The earliest reports describing the signs and symptoms of transverse myelitis were published in 1882 and 1910 by the English neurologist Henry Bastian.

In 1928, Frank Ford noted that in mumps patients who developed acute myelitis, symptoms only emerged after the mumps infection and associated symptoms began to recede. In an article in The Lancet, Ford suggested that acute myelitis could be a post-infection syndrome in most cases (i.e. a result of the body's immune response attacking and damaging the spinal cord) rather than an infectious disease where a virus or some other infectious agent caused paralysis. His suggestion was consistent with reports in 1922 and 1923 of rare instances in which patients developed "post-vaccinal encephalomyelitis" subsequent to receiving the rabies vaccine which then was made from brain tissue carrying the virus.
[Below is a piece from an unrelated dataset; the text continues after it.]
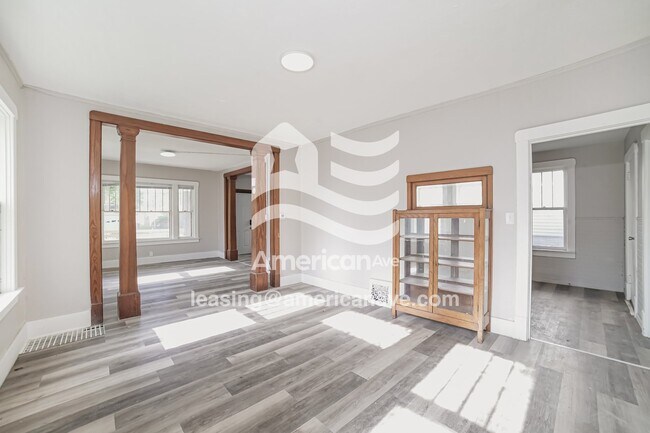 Building Photo - 1205 W Brons Ave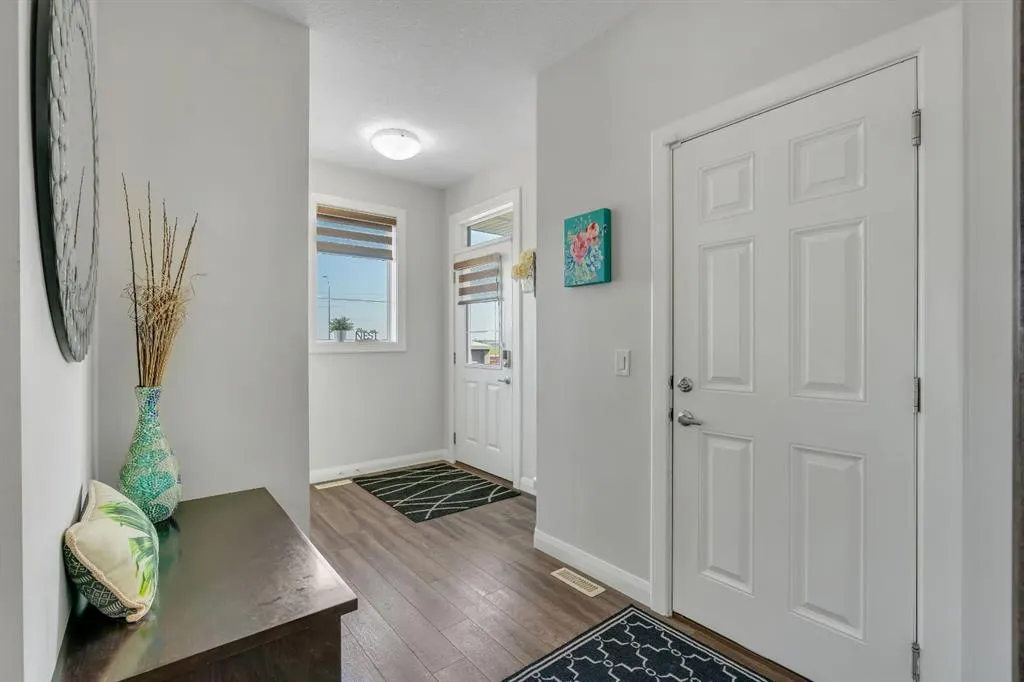 73 Red Sky Terrace NE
The pathological examination of those who had died from the disease revealed inflammatory cells and demyelination as opposed to the vascular lesions predicted by Bastian.
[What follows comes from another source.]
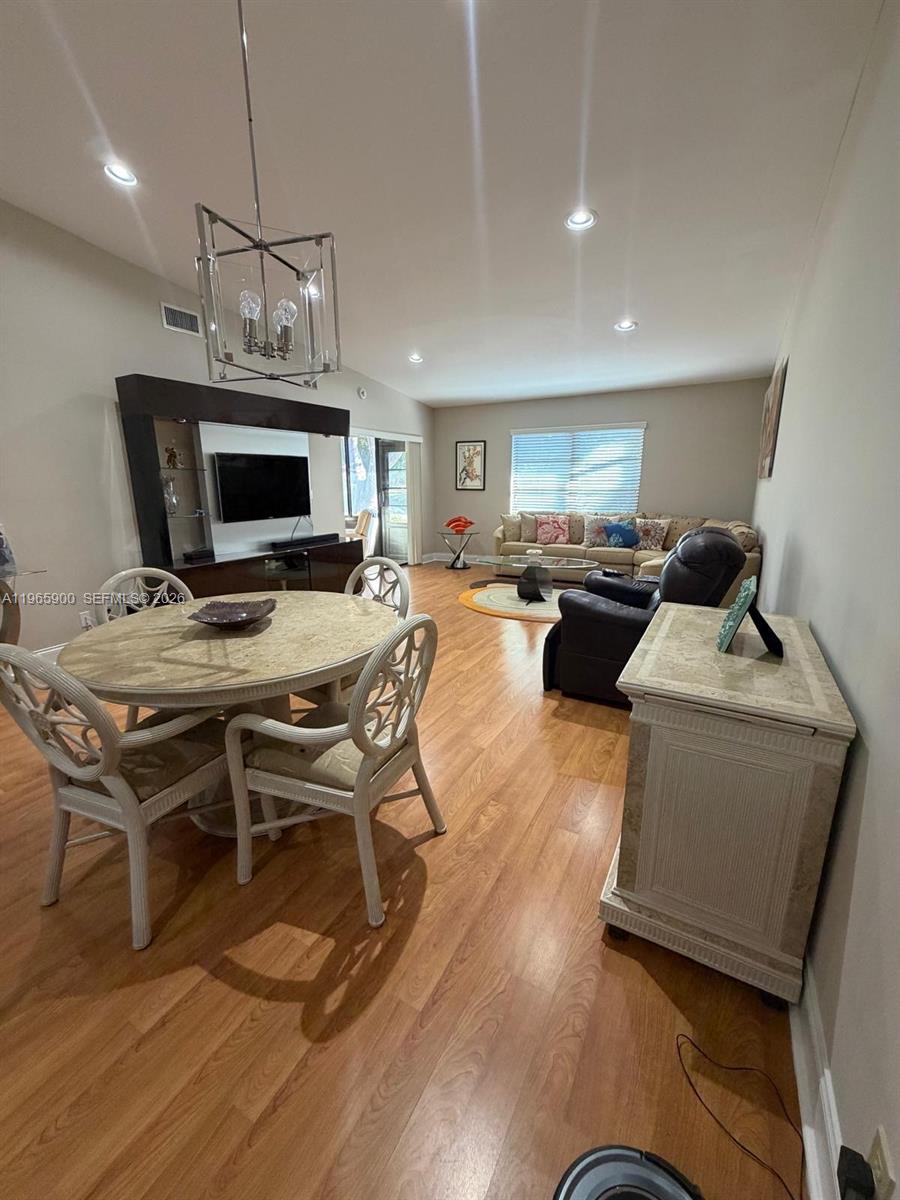 HUNTINGTON POINTE - Residential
Ford's theory of an allergic response being at the root of the disease was later shown to be only partially correct, as some infectious agents such as mycoplasma, measles and rubella were isolated from the spinal fluid of some infected patients, suggesting that direct infection could contribute to the manifestation of acute myelitis in certain cases.
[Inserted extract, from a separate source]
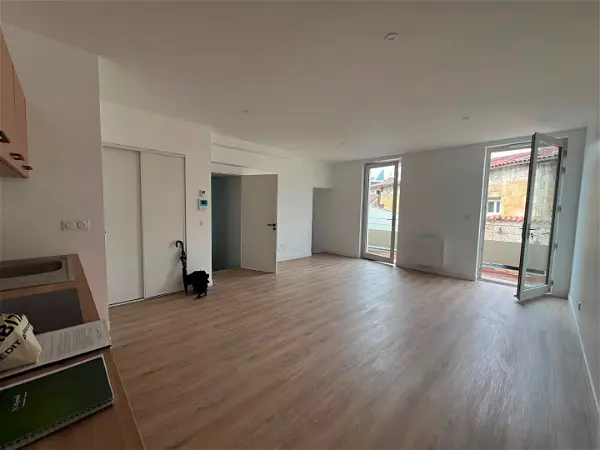 Location appartement 2 pièces - 43.43m² à Niort (79000)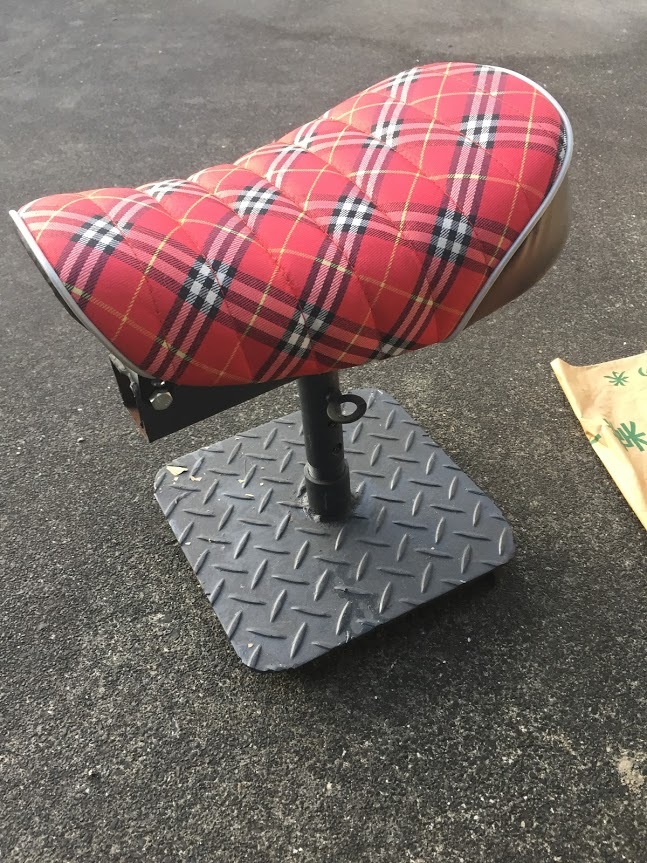 モンキー　社外チェックシート流用　　作業椅子_1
In 1948, Dr. Suchett-Kaye described a patient with rapidly progressing impairment of lower extremity motor function that developed as a complication of pneumonia. In his description, he coined the term transverse myelitis to reflect the band-like thoracic area of altered sensation that patients reported. The term 'acute transverse myelopathy' has since emerged as an acceptable synonym for 'transverse myelitis', and the two terms are currently used interchangeably in the literature.

The definition of transverse myelitis has also evolved over time. Bastian's initial description included few conclusive diagnostic criteria; by the 1980s, basic diagnostic criteria were established, including acutely developing paraparesis combined with bilateral spinal cord dysfunction for <4 weeks and a well-defined upper sensory level, no evidence of spinal cord compression, and a stable, non-progressive course. Later definitions, were written to exclude patients with underlying systemic or neurological illnesses and to include only those who progressed to maximum deficit in fewer than 4 weeks.

==Society and culture==
In 2016, former Slipknot drummer Joey Jordison revealed that he had been hospitalised by the disease in 2013 and that this was the reason for his controversial firing. As the first celebrity to publicly speak about having transverse myelitis, this helped to raise public awareness of the disease. Jordison died in his sleep on July 26, 2021, however it is not known whether the disease had any connection to his death.

==Etymology==
The term is from Neo-Latin: myelitis transversa; the disorder's name is derived from Greek myelós, "marrow", referring to the "spinal cord", and the suffix -itis, which denotes inflammation.